The Manager, Analytical Development – Qualification and Validation contributes to the CMC team by collaborating with Subject Matter Experts (SMEs) to author or revise CMC-related documents. This includes, but may not be limited to, Standard Operating Procedures (SOPs), batch/lab records, qualification/validation protocols and report and development reports. This involves drafting new documents or reviewing/revising current documents, collecting and consolidating input from cross-functional stakeholders; and finalizing the documents. The incumbent is also responsible for applying appropriate document templates, standards, style and terminology across documents.
The incumbent works cross-functionally with internal departments and external resources on GxP-related procedural documents and reports, as appropriate.
The Manager, Analytical Development – Qualification and Validation supports adherence to relevant regulatory requirements (Good Documentation Practices) and company Standard Operating Procedures (SOPs) as appropriate.
Collaborates with GxP Subject Matter Experts (SMEs) and teams to author, review or edit technical GxP documents (and where/when required, verify data) in a clear, concise format.
Performs document Quality Control checks as required.
Ensures good documentation practices are followed.

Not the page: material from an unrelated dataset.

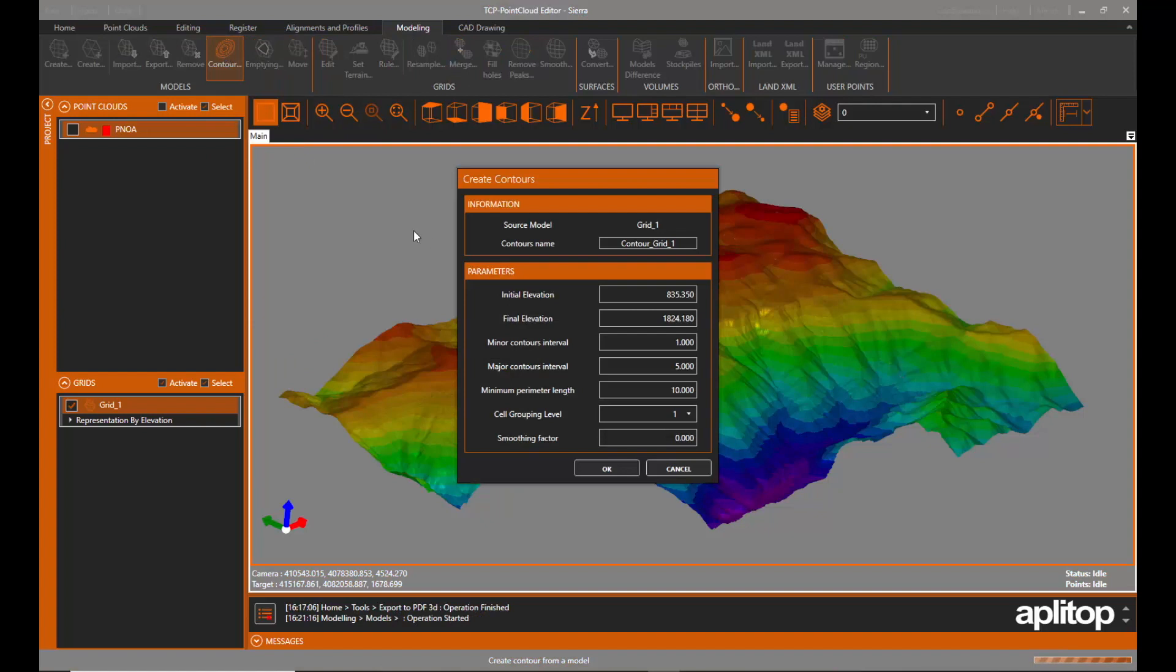Finally, we will generate the contours from the grid, indicating the intervals between major and minor contour lines.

Coordinates with various departments including, but not limited to, Analytical Development, Process Development, CMC, Regulatory Affairs and Quality Assurance to ensure GxP document(s) clearly represent and communicate processes and are understandable to the reader.
Performs other related tasks and assignments as needed and specified by management related to document generation and control.
* Minimum level of education and years of relevant work experience.
Bachelor’s degree in a relevant scientific discipline and a minimum of 5 years of experience writing relevant documents or reports in a pharmaceutical, biotechnology, contract research organization or related environment/industry OR equivalent experience and/or education.
* Special knowledge or skills needed and/or licenses or certificates required.
Technical knowledge of laboratory procedures in the Biologics/Gene and/or Cell Therapy fields (molecular biology, immunoassay, cell/bioassay).
Ability to plan, write, review, and edit high-quality, technical GxP documents under tight timelines and to ensure these documents adhere to applicable regulatory FDA, EMA, ICH guidelines and standards.
Experience working in a GXP environment.
Demonstrated ability to understand, interpret and communicate technical/scientific subject matter.
Applied experience with process mapping and collaborative document development.
Excellent attention to detail, including fact checking, logical flow, formatting, and document structure.
Proficiency with Microsoft Office and use of electronic document templates.
Excellent interpersonal, verbal and written communication skills.
Ability to work independently and collaboratively, as required, in a fast-paced, matrixed, team environment consisting of internal and external team members.
Analytical thinker with excellent problem-solving skills and the ability to adapt to changing priorities and deadlines.
Excellent planning, organization and time management skills including the ability to support and prioritize multiple projects.
*Special knowledge or skills and/or licenses or certificates preferred.
Broad knowledge of ICH guidelines, FDA CFRs, EMA directives and other regulatory guidelines.
Technical writing certification.
PTC Therapeutics is an equal opportunity employer. We welcome applications from all individuals, regardless of race, color, national origin, gender, age, physical characteristics, social origin, disability, religion, family status, pregnancy, sexual orientation, gender identity, gender expression, disability, veteran status or any unlawful criterion under applicable law. We are committed to treating all applicants fairly and avoiding discrimination.